A connector lacking these capabilities is opt-out — its SKIP_RESULTs are informational only, the runtime doesn't try to retry them.

Cross-cutting

partial-run-semantics-open-question.md — the SKIP_RESULT shape is defined there; this note's four categories need the Option C taxonomy expansion there to carry recovery_kind.
cursor-finality-and-gap-awareness-open-question.md — known_gaps is the durable substrate this note's execution mechanism operates on. If cursor-finality goes with Option B (three-field cursor) or D (compose with partial-run), this note's execution has a natural home. If cursor-finality lands differently, this note's execution layer has to synthesize its own substrate from spine_events.
connector-configuration-open-question.md — manifest additions for recovery capability are a specific case of the broader configuration surface.
owner-self-export-open-question.md — "here's what we know we don't have, here's when we'll try again" is the execution layer's contribution to the self-export completeness claim.
chatgpt.md — concrete locus of 4,188 Category 1 gaps awaiting recovery.
usaa.md — concrete locus of Category 2 (PDF template) gaps awaiting parser upgrade.

Action items

Decide A/B/C/D/E, or a combination, in conjunction with partial-run-semantics and cursor-finality. These three form a single mechanism — decide them together or not at all.
For whichever option: specify resource-ID precision rules (individual vs batch), pre-filter contract (MUST or SHOULD), partial-recovery semantics.
Enumerate Category 3 skips currently in the codebase (Slack stars/user_groups/reminders, any USAA "can't be scraped" streams) and migrate to manifest declarations under whichever manifest-evolution option lands.
Audit all existing SKIP_RESULT emission sites for which category they belong to; the classification is the spec-writing work even if the taxonomy isn't formalized yet.

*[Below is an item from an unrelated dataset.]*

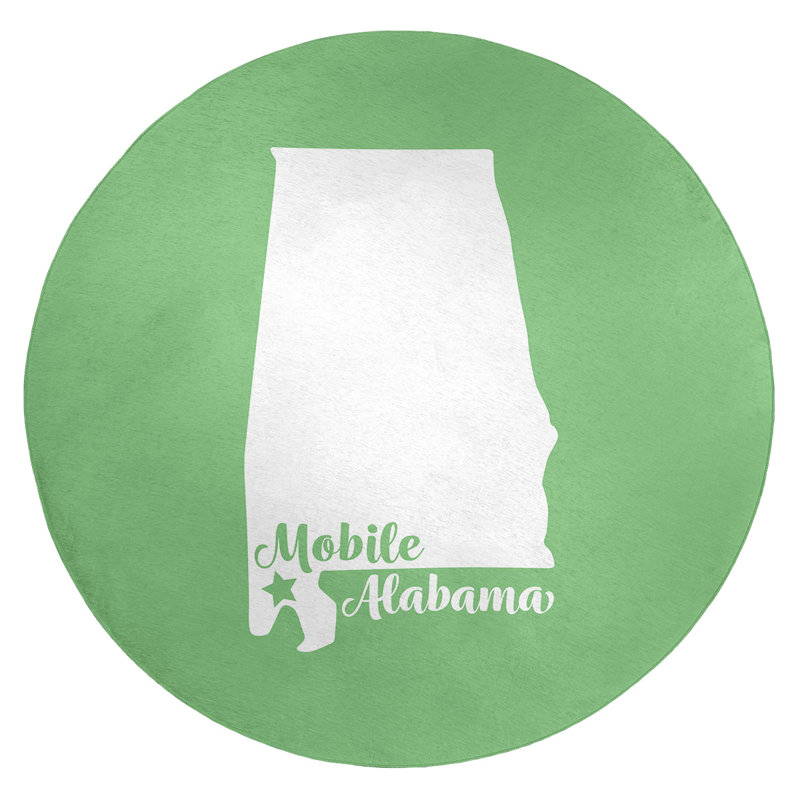 Tapis de poly-chenille en polyester mobile alabama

What we are explicitly not doing in the reference implementation

Not building a runtime retry loop until the mechanism is decided in spec. Implementing retry now would prejudice the decision and make Options A/B/C/D/E each harder to adopt.
Not writing per-connector one-off recovery scripts for the ChatGPT 4,188 case. The one-shot script would become a workaround that's hard to remove once it exists. The data in spine_events is durable; recovery can happen once the mechanism is specified.
Not extending SKIP_RESULT's schema in code. Today's loose reason + message shape is documented as the baseline; any schema evolution is part of the spec change, not a unilateral runtime update.

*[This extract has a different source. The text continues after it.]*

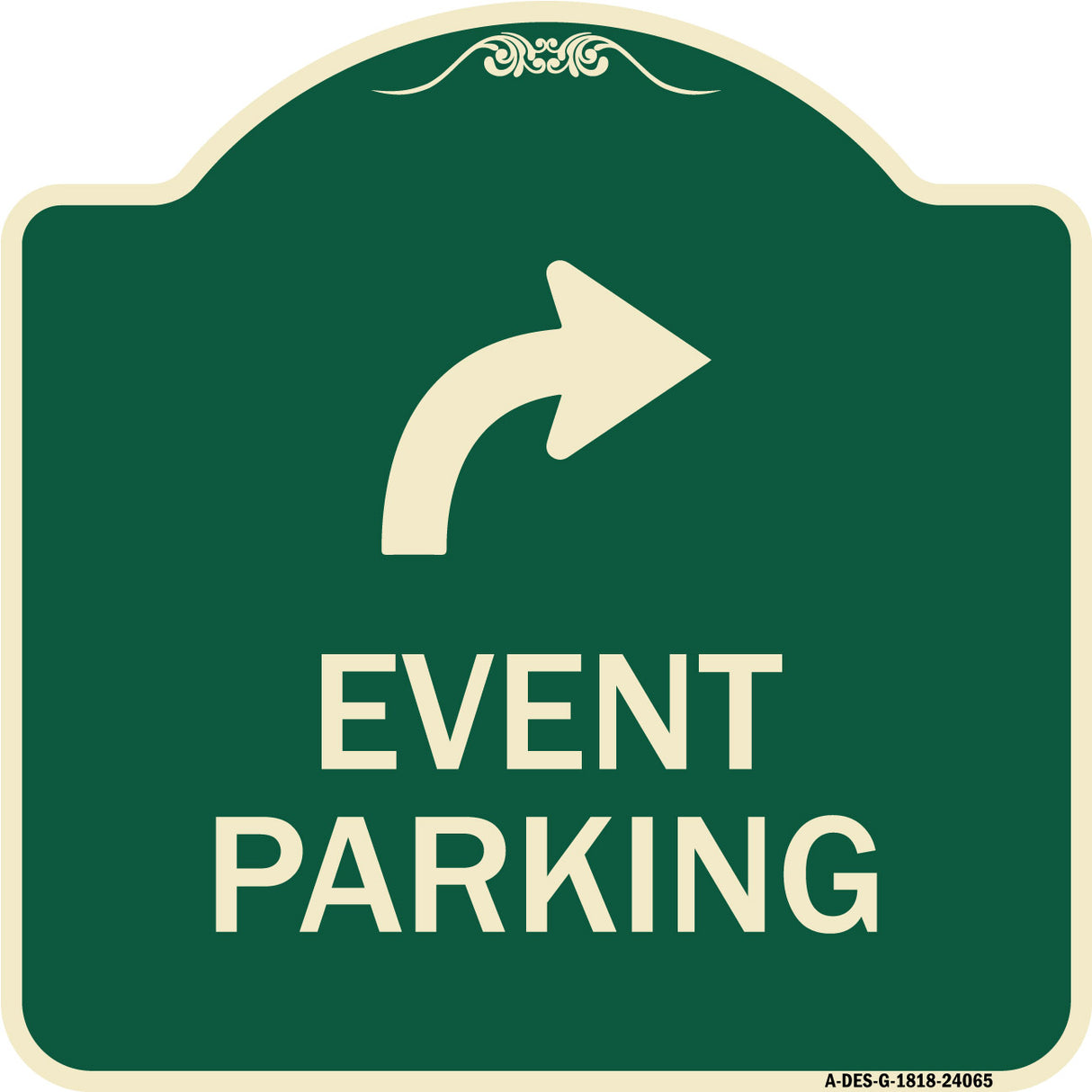 Event Parking Only (With Upper Right Arrow)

Why "just run retry scripts" isn't good enough

Each category needs a different trigger (time-based, version-based, never), a different invocation (connector subset of IDs, full re-run, not-at-all), and a different success criterion (all IDs ingested, specific versioned stream re-walked, permanent absence acknowledged). A protocol that claims to keep owner data "pristine" has to make these distinctions structurally, not leave them to ad-hoc scripts that rot between runs and differ per connector. The execution mechanism is where that structural clarity lives — or doesn't.